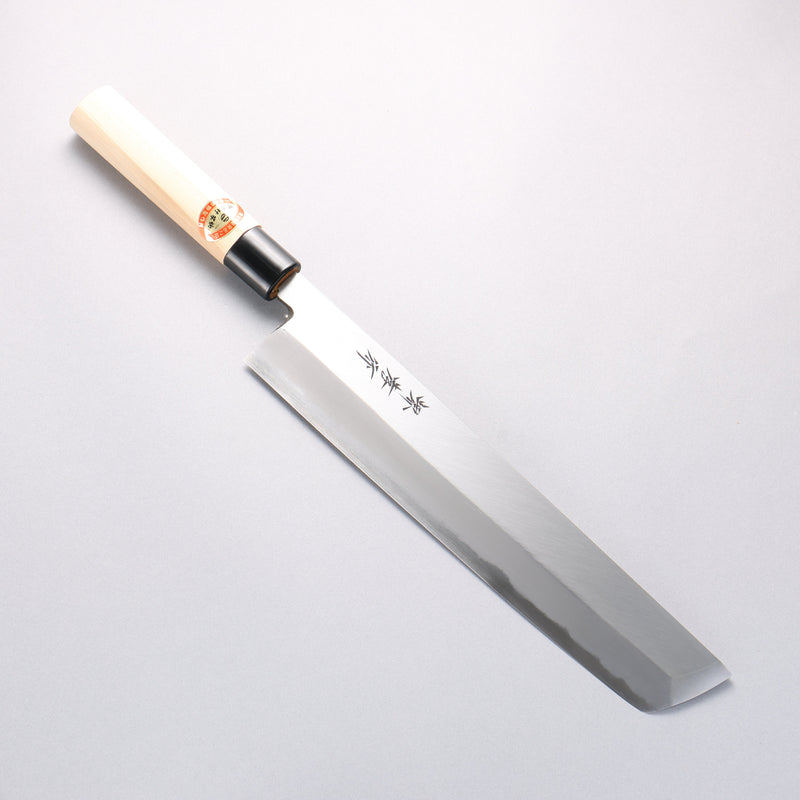 堺 孝行 霞研 白鋼 鱧（海鰻）切骨刀 300mm 木蘭握把 - 清助刃物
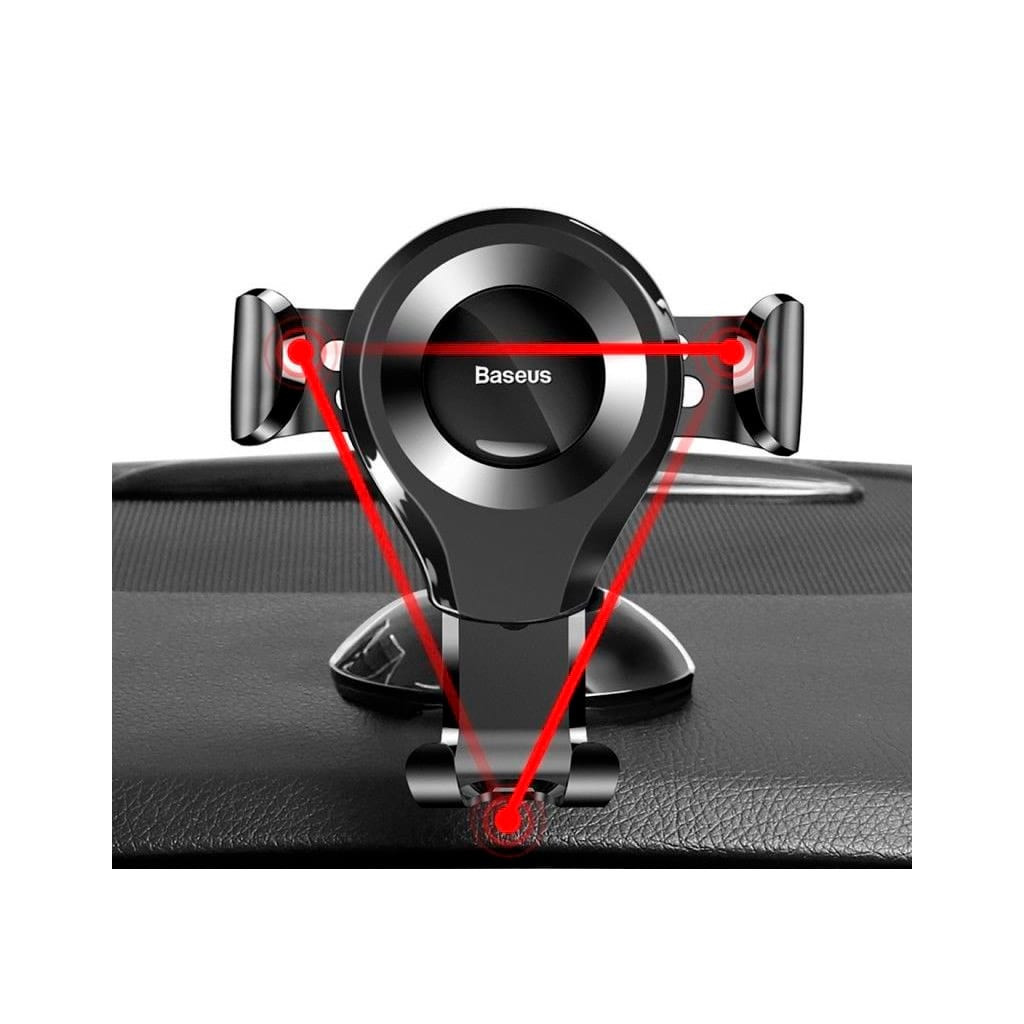 Універсальний автотримач Baseus Osculum Type Gravity Car Mount Black (SUYL-XP01) - зображення 5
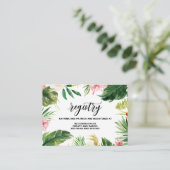 Carte d'enregistrement I de cadre de fleurs tropic (Debout devant)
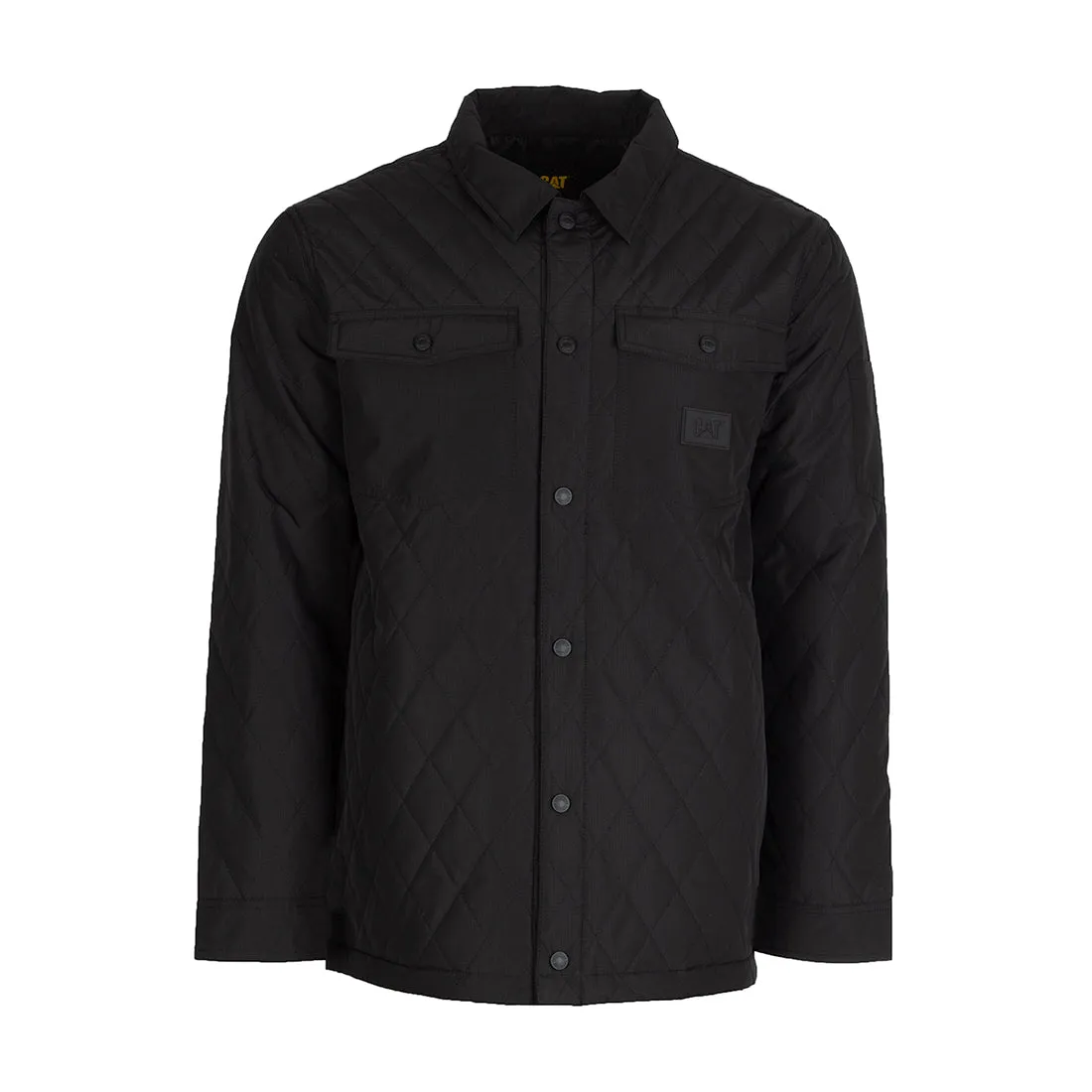 Quilted Ripstop Shirt Jacket - Mens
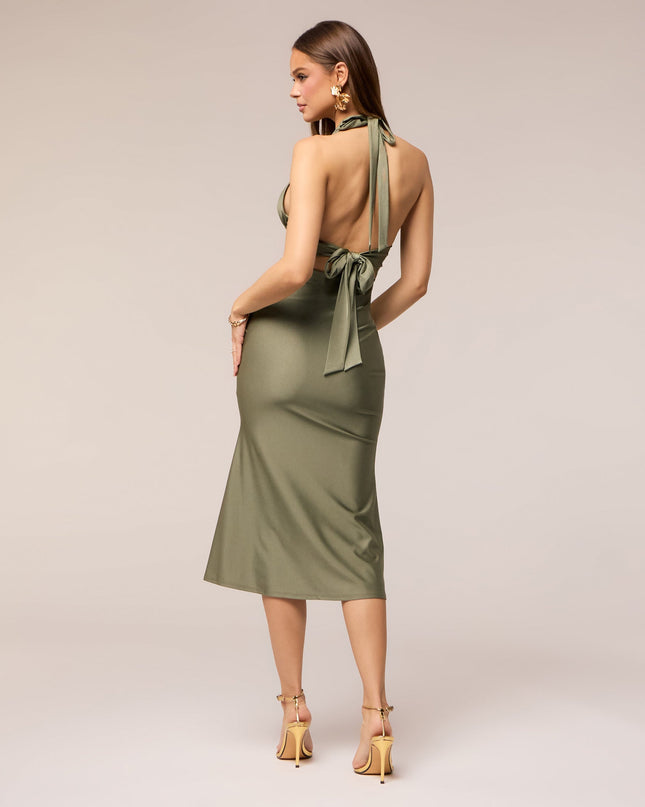 Windsor Tied Up In Elegance Halter Midi Dress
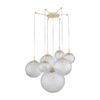 Duża lampa sufitowa Cadix Gold L nad stół w jadalni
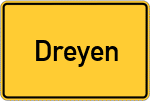 Place name sign Dreyen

§ The problem: Leave the pictures out. Repeat every entry above exactly.

§ Response box:
 堺 孝行 霞研 白鋼 鱧（海鰻）切骨刀 300mm 木蘭握把 - 清助刃物
 Універсальний автотримач Baseus Osculum Type Gravity Car Mount Black (SUYL-XP01) - зображення 5
 Carte d'enregistrement I de cadre de fleurs tropic (Debout devant)
 Quilted Ripstop Shirt Jacket - Mens
 Windsor Tied Up In Elegance Halter Midi Dress
 Duża lampa sufitowa Cadix Gold L nad stół w jadalni
 Place name sign Dreyen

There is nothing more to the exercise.